The powered, or filler, indexing conveyor is configured to accept pucks
from the powered infeed conveyor. As the pucks enter the filler indexing
conveyor, they will be driven across a small dead plate by the powered
infeed conveyor. The filler indexing conveyor will transfer the pucks four
wide to the filler pouch discharge station. The index distance for this
transfer will be in 90 mm increments. Pouches will be dropped into the
pucks at the filler pouch discharge station. From there, the powered, or
filler, indexing conveyor will transfer the pucks with pouches to the
filler exit conveyor.
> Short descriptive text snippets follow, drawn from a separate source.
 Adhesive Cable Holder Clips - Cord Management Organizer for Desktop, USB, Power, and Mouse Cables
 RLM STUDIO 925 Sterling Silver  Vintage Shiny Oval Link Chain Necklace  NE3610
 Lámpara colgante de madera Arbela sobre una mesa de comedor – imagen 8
Conveyor elevation measured from the floor to the
bottom of the puck is 36 inches.
The pucks will maintain orientation in the power, or filler, indexing
conveyor by the use of multiple cleats on the belt similar in size to the
central spine of the filler infeed chute. The cleats on the belt are made
of urethane that is molded directly to the timing belt and set at 90 mm
increments. Side rails on the filler indexing conveyor will prevent the
pucks from moving along the orientation cleats. A slider bed located under
the urethane timing belt will provide the belt and pucks with support.
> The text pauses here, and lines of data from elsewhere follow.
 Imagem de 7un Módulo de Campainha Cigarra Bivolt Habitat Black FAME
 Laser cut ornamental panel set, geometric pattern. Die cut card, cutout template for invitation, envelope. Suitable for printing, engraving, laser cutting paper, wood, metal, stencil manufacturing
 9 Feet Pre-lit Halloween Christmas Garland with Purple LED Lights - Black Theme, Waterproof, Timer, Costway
The power, or filler, indexing conveyor will be constructed from the
following materials: conveyor side plates, side plate spacers, drive and
idler shafts, puck side guide mounting rails, support legs, support frame,
pouch reject chute, and all hardware will be fabricated of stainless steel
type 304. The timing belt slider bed and puck side guides are fabricated
of high weight plastic. The drive and idler sprockets are fabricated of
hard coat anodized aluminum. The timing belts, 10 mm pitch, self tracking,
and molded cleat are fabricated of urethane. The bearings will be
fabricated of Valu Guide "LifeGard".
The powered infeed conveyor 50 has a generally horizontal spine 52
alignable with the cleat at the input end of the indexing conveyor. The
cleat is adapted to receive and orient pucks from the infeed conveyer to
the indexing conveyer. Also provided is an overhead guide rail 54 located
immediately above the upper edge of the pucks to preclude tipping of the
pucks. The infeed conveyer has an input end 56 and an output end 58
adjacent to the input end of the indexing conveyer with an escapement
mechanism 60 therebetween to control the quantity of pucks transferred
from the infeed conveyer to the indexing conveyor. The infeed conveyor
further includes a belt 62 in a closed loop configuration supported by an
idler roller 64 at one end and a drive roller 66 at the other end with a
motor 68 to drive the rollers and belt and pucks thereabove in a
horizontal path of movement to the indexing conveyor.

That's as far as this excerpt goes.